Chi ha il diritto di sentirsi scrittore, oggi? Chi lo può stabilire? Non certo prelati e guru autoreferenziati. Non certo le classifiche di vendita fasulle e pilotate. Verga, Manzoni, Montale e tutta la schiera dei grandi (quelli veri) non hanno critici a cui essere grati, ma solo lettori, milioni di lettori. La loro parola scritta, la loro arte li precede. La cosa più odiosa che puoi fare per farti cacciare dalla mia tana è salire su un pulpito e metterti a giudicare chi è un talento e chi no in base a un presunto pedigree. Non sopporto i sommelier della cultura: quelli che, al primo sorso, stringono la bocca “a culo di gallina” e giudicano. Preferisco gli onesti bevitori, che si lasciano inebriare dalle emozioni. Nella mia tana, il vino lo si distingue soltanto in due categorie: quello onesto e sincero e quello prodotto in malafede e traditore. Il vino d’Angera non può somigliare al chianti, se è così, significa che è disonesto: meglio un vino che racchiuda il sapore della propria terra, con il suo carattere unico che proviene dalle sue radici, che piaccia oppure no. Ma onesto. Lo stesso vale per l’arte e, in particolare, per la letteratura e la narrativa: nella mia tana non esistono scrittori abusivi, ma onesti e disonesti. E siccome qui dentro non ci sono pulpiti o piedistalli, io scrittore sono sullo stesso piano del lettore.

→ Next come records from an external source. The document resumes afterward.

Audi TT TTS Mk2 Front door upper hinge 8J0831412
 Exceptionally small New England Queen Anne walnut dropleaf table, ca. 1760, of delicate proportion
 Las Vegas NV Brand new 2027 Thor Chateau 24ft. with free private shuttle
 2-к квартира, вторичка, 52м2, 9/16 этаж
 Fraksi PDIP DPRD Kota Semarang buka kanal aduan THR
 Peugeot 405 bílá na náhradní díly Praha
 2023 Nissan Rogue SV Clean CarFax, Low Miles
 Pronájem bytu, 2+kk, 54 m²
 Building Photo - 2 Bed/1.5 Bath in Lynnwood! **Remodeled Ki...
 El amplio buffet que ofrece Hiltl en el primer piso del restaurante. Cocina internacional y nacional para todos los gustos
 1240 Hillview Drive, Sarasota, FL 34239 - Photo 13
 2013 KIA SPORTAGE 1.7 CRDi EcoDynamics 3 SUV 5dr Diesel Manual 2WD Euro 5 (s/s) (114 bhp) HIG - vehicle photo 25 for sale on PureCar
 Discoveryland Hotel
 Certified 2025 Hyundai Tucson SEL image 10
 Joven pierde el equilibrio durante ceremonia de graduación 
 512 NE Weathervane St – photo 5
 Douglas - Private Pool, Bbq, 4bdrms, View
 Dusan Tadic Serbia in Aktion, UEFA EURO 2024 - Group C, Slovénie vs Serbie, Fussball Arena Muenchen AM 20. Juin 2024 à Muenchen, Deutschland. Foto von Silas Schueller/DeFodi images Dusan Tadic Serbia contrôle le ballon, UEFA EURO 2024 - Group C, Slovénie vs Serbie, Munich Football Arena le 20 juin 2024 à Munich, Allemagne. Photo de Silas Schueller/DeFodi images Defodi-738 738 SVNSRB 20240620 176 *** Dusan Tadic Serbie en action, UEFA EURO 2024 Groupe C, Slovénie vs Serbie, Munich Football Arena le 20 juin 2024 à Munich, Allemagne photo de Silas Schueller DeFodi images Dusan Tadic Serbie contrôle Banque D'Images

Nell’era in cui cadono tutte le barriere precostituite, sociali o culturali, soprattutto grazie a internet, grazie al senso di libertà sconfinata che deriva dal web, il minimo che si può pretendere è che scrittori e lettori si guardino negli occhi, sullo stesso piano, alla pari. I primi hanno il diritto di esprimersi e pubblicare con un solo dovere, il rispetto dei lettori. I secondi hanno invece il diritto di leggere, ma anche di non leggere, con un solo dovere: valutare la parola e non chi scrive. E, a ben vedere, un bel bagno di umiltà mischierebbe le carte e sarebbe meglio per tutti: tra lettori e scrittori, oggi, non può più esserci alcuna barriera. Io che mi sento scrittore, che propongo parole ed emozioni a un pubblico di lettori, devo essere il primo a dare l’esempio, ed essere anche un onesto lettore, predisposto al confronto, all’ascolto. Lo scrittore vero non è quello consacrato da chissà quale critica o dal sacro fuoco della letteratura, ma è colui che scrive con un solo obiettivo: essere letto. Vale per tutti, sia per i privilegiati o meritevoli che pubblicano per grandi editori, sia per quelli che si rivolgono agli editori abusivi (che pubblicano a pagamento), sia per quelli che rimangono solo nello spazio virtuale di un blog. E per chi pretende un pubblico di lettori, il primo atto di modestia e correttezza, oggi, è di essere lettore egli stesso. Per primo.
Nell’era di internet, viviamo in uno stato di bulimia da scrittura e, al tempo stesso, di anoressia da lettura. E questo non è che lo specchio di una società abituata a parlare sempre e non più ad ascoltare, ad esprimersi e non a lasciare esprimere. Nella mia tana proveremo a ristabilire un equilibrio.
Con la voglia di lasciarci attraversare dalla parola che scolpisce, che dipinge, che fotografa, che sintetizza e che plasma il mondo là fuori. Una parola onesta.